On Sostrup Slot, you can arrange meetings, conferences, seminars, and other events for 10-300 participants. In the boulder building, there are 3 meeting/conference rooms in varying sizes. The Monastery's impressive Pyramidesal (the glass pyramid-covered convent garden) has room for 220 guests for dining or 300 reception guests. Here you can have your wedding festivities and you can be married in Maria Hjerte Church that is on-site. Sostrup can offer sleeping accommodation for up to 120 people in the old Farm building and in the comfortable monastery cells.
Sostrup is an island fort established on a man-made island of granite boulders and hundreds of oak tree posts.
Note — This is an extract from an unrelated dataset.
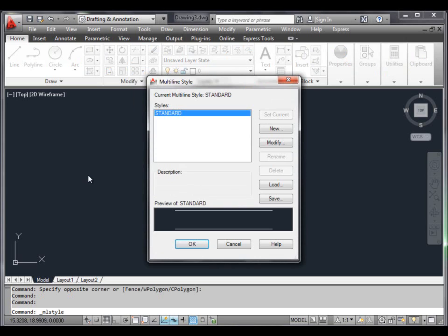This opens the Multiline Style dialog box. In the Styles window you can see 'Standard' — the name of the current multiline style — which includes two continuous line elements that you can see in the preview window. Click the New button to create a new style.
The posts are to retain moisture so they don't become porous. This is why it is important that the moat doesn't dry out.
An old myth says that Sostrup castle will collapse into the moat on a Christmas night. This was not something the former owner, Jørgen Schell, also known as the wild earl, wanted to risk being a part of. Instead, he built a house in the neighbouring town of Gjerrild where he could stay on Christmas night. He named the house Kokkehuset and the house is still there to this day.
Many families of noble birth have owned Sostrup castle. The mighty Scheel family became the owner of Sostrup in 1612 and it remained in the Scheel family for 211 years. At the time, the castle was named Skeel which was the original spelling of the Scheel family name. The last person of the Scheel family to own the castle was Jørgen Scheel. He travelled around Europe on several occasions over a 15-year period. It was during these trips that he brought many cultural artefacts home with him; works of art, 11.600 books, furniture, hand-painted tapestry, etc. However, it was also this interest that eventually lead to the end of the Scheel family's era on Sostrup.